The 37,000-square-foot building has an asking price of $3.9 million, which, based on the area and the local economy, would be a bit like me — were I single — holding out for a date with Christina Hendricks. It’s nice to have dreams and all, but, it ain’t going to happen, unless of course, you find a very gullible buyer.

And yes, I know of what I speak. My wife and I own property not far from there, and know first-hand what property pricing is like in the immediate area. While home prices are slowly starting to rebound in the region, commercial property prices remain very low and inventory very high. In short, there’s a glut of commercial properties built during the pre-2007 real estate bubble. And frankly, because of the noise from Carlson Aiport and Sikorsky Heliocopters, the area is somewhat less desirable than other properties in the district.

CASD is not getting a “deal.” One could argue that the district would be overpaying for the building at $3.45 million based on the current market conditions (which makes the whole thing with Ritter look even worse, for those of you keeping score at home).

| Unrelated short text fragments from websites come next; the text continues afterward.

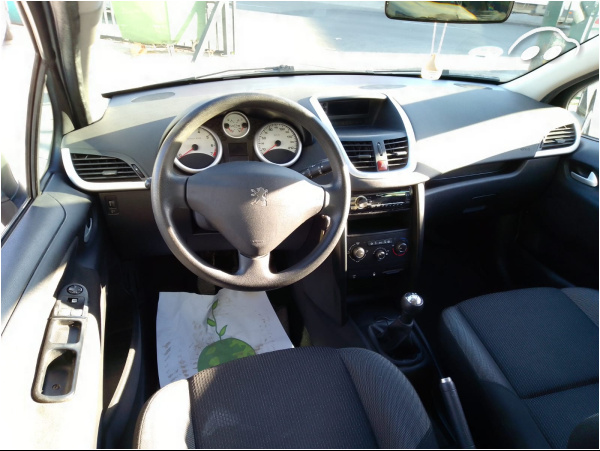 Peugeot 207 1.4  7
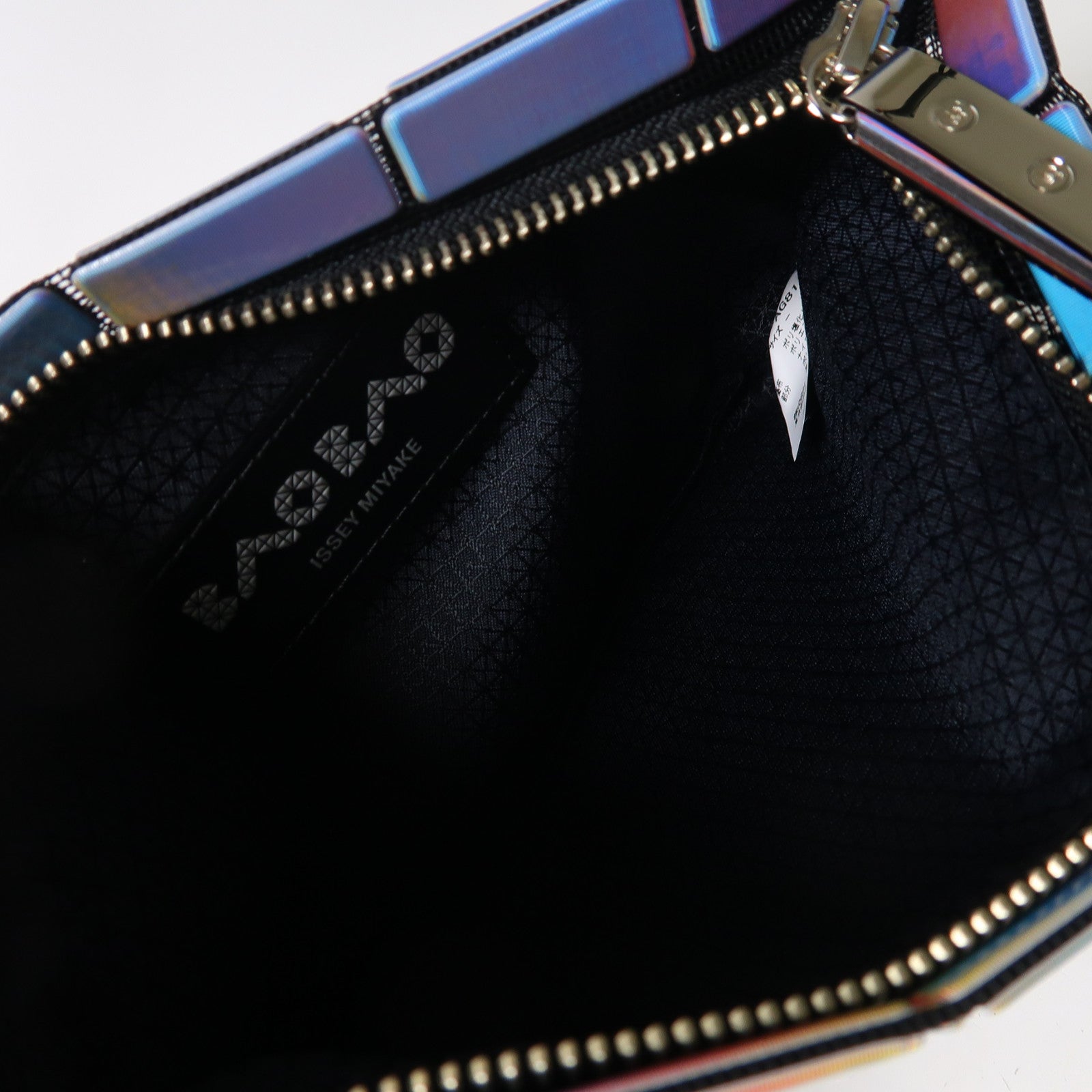 BAO BAO ISSEYMIYAKE PVC Bao Bao Pouch銀扣手拿包彩色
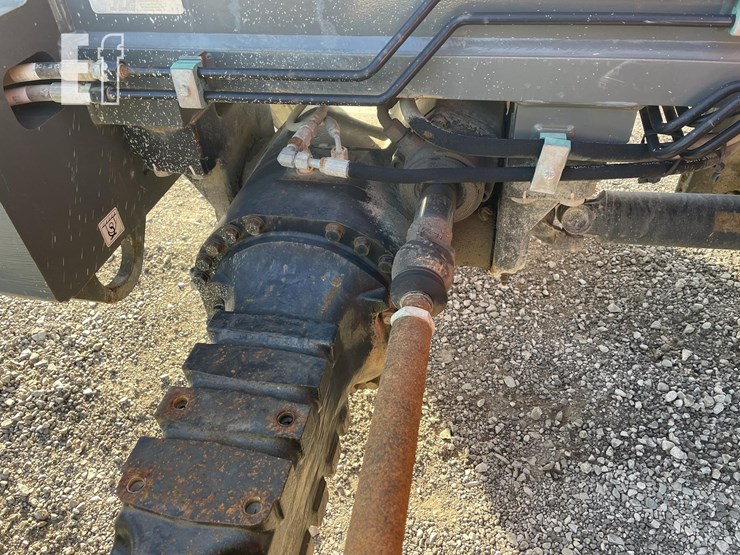 2011-jlg-g10-55a-image-31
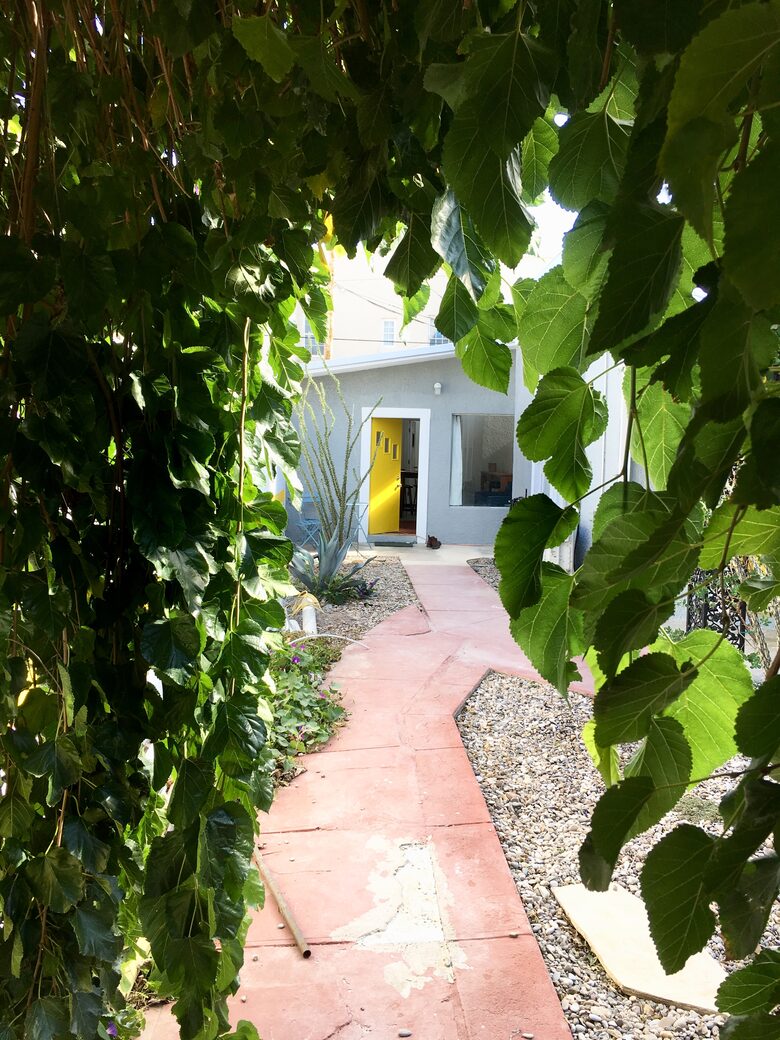 The 105 Lincoln - Marfa, Texas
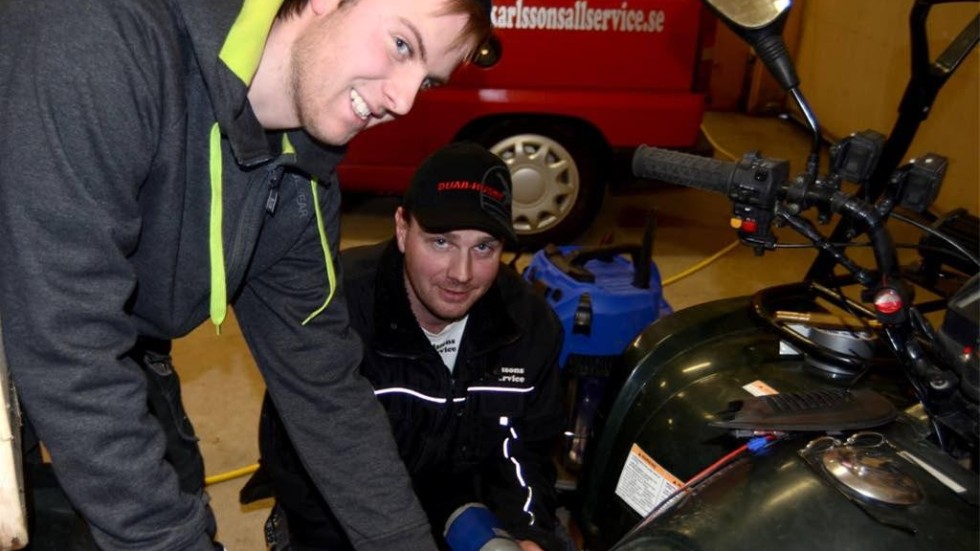 Byggnation, motorrepationer, däckförsäljning och städning är bara några av alla grenar som finns inom Karlssons Allservice. Här lagar Rickard och Leif Karlsson en fyrhjulig motorcykel.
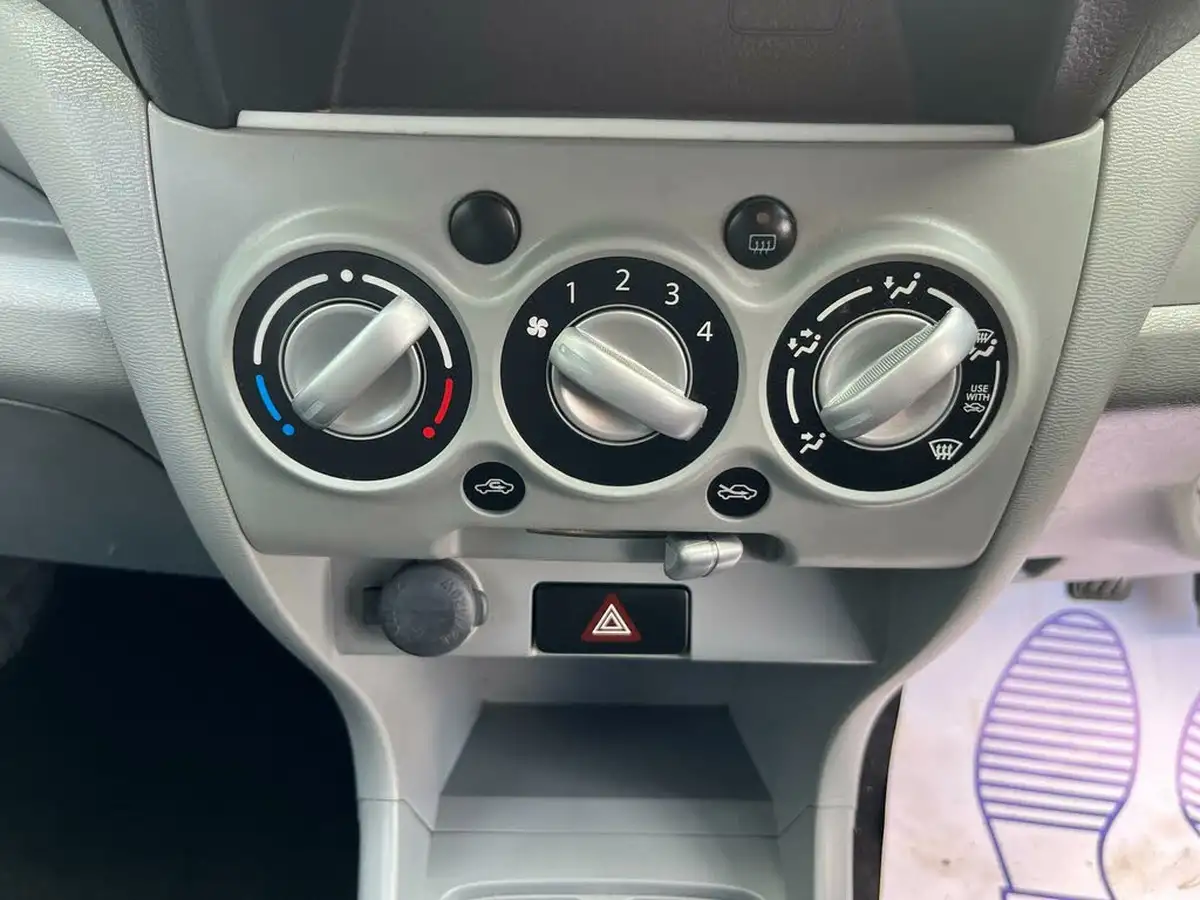2011-suzuki-alto-10-sz2-big-46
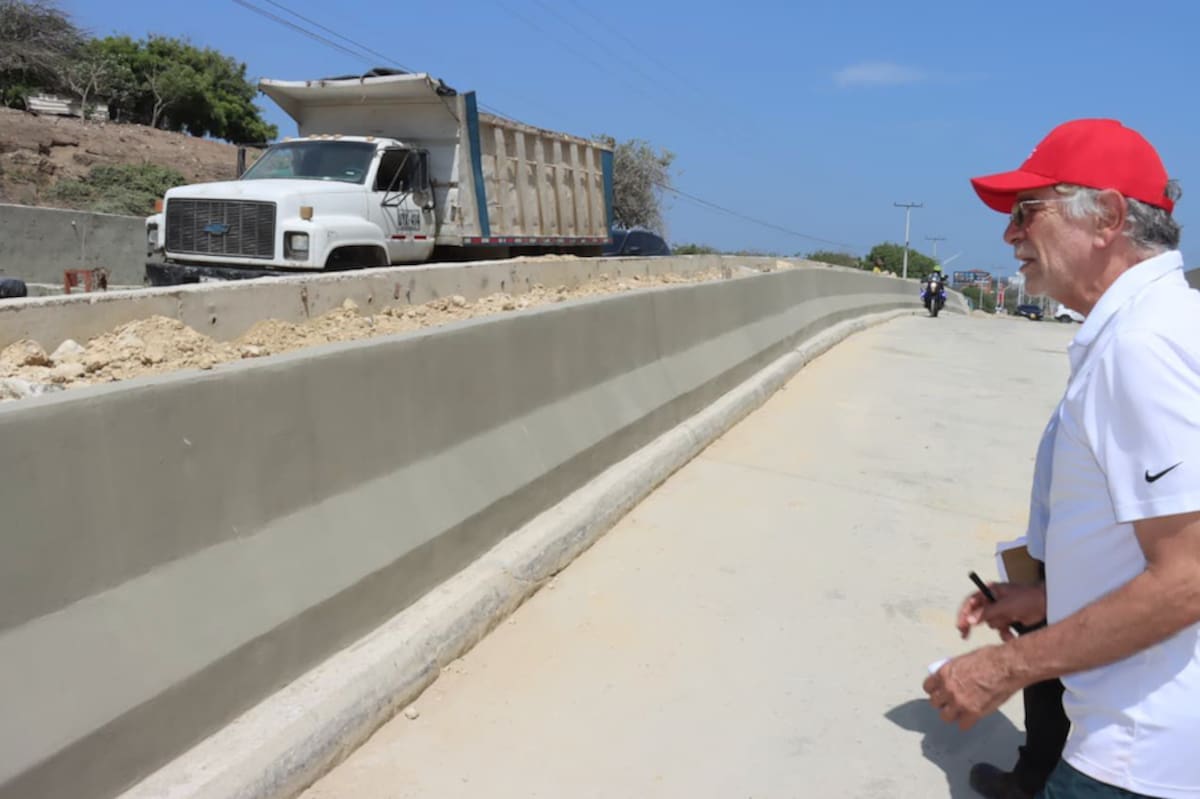 La obra de infraestructura La Gran Vía integra movilidad, drenaje y conectividad digital en la carrera 51B entre Barranquilla y Puerto Colombia.//Cortesía Gobernación del Atlántico.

And then, lastly, and potentially most disastrously: The school district thinks it’s a good idea to get into the health-care business?

As the spouse of a health-care provider, I know all too well how difficult, expensive and risky that is, even if you know what you’re doing — and likely will be a massive financial hemorrhage for the district and taxpayers.

If this were such a smart idea, why not partner with an existing health-care provider, such as Brandywine Hospital? Partnering with Integrity Healthcare is a bit like partnering with the local hardware store on a building project — they can staff the operation, granted, but running it and paying the freight to run it, including malpractice and liability insurance (which by itself for such a clinic might approach $500,000 a year) is another story entirely.

As planned, not only do I not see the district saving $500,000 in health-care costs, I think there’s a better than even chance of losing even more money, further hurting education.

So, yeah, residents, parents and taxpayers have some pretty good reasons to be furious — and it’s not, as some would claim, a media-manufactured controversy. The facts are the facts.

This would appear, on the surface, to be one of the worst ideas — for so many reasons — any school district in Chester County has considered in years.

Tough questions need to be asked in the coming weeks and real answers need to be forthcoming.